2. Anwendungsbereich: Weit über Cookies hinausgehend
Die Norm betrifft alle Formen mobiler und nicht mobiler Endgeräte (z. B. PC, Smartphones, Tablet-Computer) und alle Arten von Daten, die auf dem Endgerät gespeichert werden. Die Regelung ist demnach nicht begrenzt auf bloße Cookies, sondern betrifft jede Form personenbezogener Daten, die lokal auf dem Gerät des Users gespeichert werden und auf die der Betreiber Zugriff nimmt.
3. Zukünftige Voraussetzungen für eine Speicherung
Damit ein Webseiten-Betreiber zukünftig personenbezogene Daten speichern und nutzen darf, muss
- eine Unterrichtung des Nutzers erfolgen und
- eine Einwilligung des Nutzers vorliegen.
a. Unterrichtung des Nutzers
Die Unterrichtung des Nutzers muss vor Beginn der Speicherung erfolgen, eine spätere, nachträgliche Genehmigung ist nicht ausreichend.
b. Einwilligung des Nutzers
aa. Der Grundfall: Einwilligung des Nutzers
Grundsätzlich muss eine Einwilligung des Nutzers vorliegen. Hierfür gelten die allgemeinen datenschutzrechtlichen Regelungen, wie sie bisher in § 4 a BDSG und § 13 TMG festgelegt sind. Teilweise wird behauptet, dass diese Form der Einwilligung nicht in den AGB platziert werden darf, sondern dass es einer eigenständigen Zustimmungshandlung bedürfe. Diese Rechtsansicht ist falsch. Sowohl das Gesetz (§ 4 a Abs. 1 S. 3 BDSG) als auch die ständige höchstrichterliche Rechtsprechung erlaubt die Platzierung derartiger Einwilligungen z. B. in AGB. Einzige Bedingung: Die Einwilligung muss dann optisch besonders hervorgehoben sein, z. B. durch Fettdruck, Umrandung etc.

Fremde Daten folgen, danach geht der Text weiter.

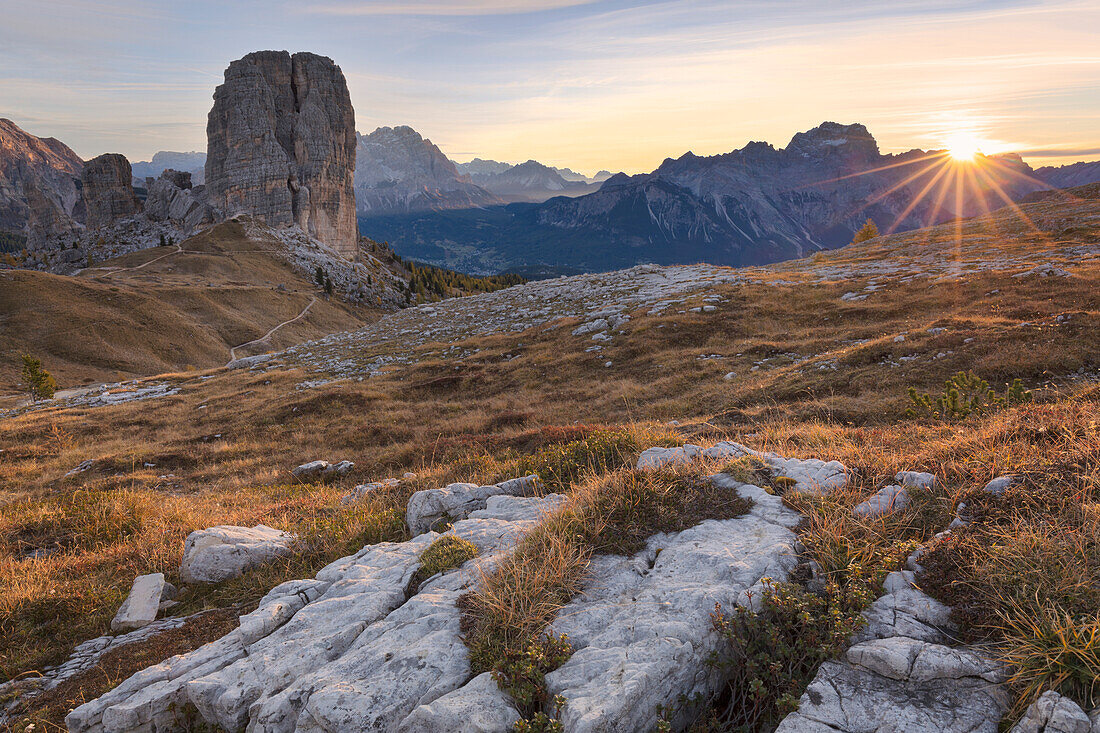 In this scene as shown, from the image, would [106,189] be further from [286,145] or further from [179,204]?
[286,145]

Anders als im Direktmarketing bedarf es keiner gesonderten Einwilligungserklärung, da in diesem Fall nur die Daten datenschutzrechtlich genutzt werden. Der Nutzer erhält jedoch keine Nachricht in Form von E-Mail- oder Telefonwerbung.
Die große Gretchenfrage ist nun: Wann liegt online eine solche Einwilligung vor?

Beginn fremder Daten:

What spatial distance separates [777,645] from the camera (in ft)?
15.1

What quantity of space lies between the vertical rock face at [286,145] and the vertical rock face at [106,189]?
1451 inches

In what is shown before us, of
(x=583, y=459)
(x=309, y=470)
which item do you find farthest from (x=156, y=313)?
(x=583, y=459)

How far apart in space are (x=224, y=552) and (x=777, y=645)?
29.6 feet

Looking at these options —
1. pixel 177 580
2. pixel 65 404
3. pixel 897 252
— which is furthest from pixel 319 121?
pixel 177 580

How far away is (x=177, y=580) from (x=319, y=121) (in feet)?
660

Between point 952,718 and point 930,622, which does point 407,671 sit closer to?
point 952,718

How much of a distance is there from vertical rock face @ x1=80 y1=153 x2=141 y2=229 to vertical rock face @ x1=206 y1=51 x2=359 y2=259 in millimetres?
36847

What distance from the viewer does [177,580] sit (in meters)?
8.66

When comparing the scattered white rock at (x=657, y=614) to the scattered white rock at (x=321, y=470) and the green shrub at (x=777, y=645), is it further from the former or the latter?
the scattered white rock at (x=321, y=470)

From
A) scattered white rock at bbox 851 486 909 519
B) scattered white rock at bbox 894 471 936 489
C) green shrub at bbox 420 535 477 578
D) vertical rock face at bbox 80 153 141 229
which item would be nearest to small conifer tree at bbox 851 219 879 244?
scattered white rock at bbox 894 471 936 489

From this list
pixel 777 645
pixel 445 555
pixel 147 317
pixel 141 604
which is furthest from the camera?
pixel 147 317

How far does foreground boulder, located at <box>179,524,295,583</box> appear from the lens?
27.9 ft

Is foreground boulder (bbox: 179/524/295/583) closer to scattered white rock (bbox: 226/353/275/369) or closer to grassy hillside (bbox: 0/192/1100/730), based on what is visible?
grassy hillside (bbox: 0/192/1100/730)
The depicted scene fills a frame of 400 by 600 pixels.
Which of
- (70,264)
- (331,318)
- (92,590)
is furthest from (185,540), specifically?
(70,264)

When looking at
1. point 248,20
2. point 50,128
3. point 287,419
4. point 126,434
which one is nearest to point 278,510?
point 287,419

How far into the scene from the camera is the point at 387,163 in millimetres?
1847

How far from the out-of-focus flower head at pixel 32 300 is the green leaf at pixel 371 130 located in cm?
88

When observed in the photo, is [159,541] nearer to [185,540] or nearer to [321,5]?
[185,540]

Normalerweise bedarf eine Einwilligung einer ausdrücklichen Zustimmungshandlung des Nutzers. Dies würde bedeuten, dass der Nutzer bei Betreten einer jeden Webseite zuvor zugestimmt haben müsste. In der Praxis ist das ein ziemlich schwachsinniges und kontraproduktives Unterfangen, zumal sich in einem solchen Fall zahlreiche Nachfolgeprobleme ergeben: Gilt die Einwilligung des Sohnes auch für den Vater, weil beide den gleichen Rechner benutzen?
Hier ist nun die Frage: Reicht es unter Umständen bereits aus, wenn der Browser des Nutzers so eingestellt ist, dass er standardmäßig Cookies akzeptiert? Dann könnte man ja die Ansicht vertreten, der Nutzer hätte durch diese Browser-Einstellung eine ausdrückliche Zustimmung erteilt.
Die deutsche Regelung schweigt sich dazu aus. Im Gesetzestext findet sich hierzu kein Wort. Auch die Gesetzesbegründung äußert sich diesbezüglich nicht, sondern beschränkt sich auf die kurze Aussage, dass die Neuregelung der Umsetzung der EU-Cookie-Richtlinie dient.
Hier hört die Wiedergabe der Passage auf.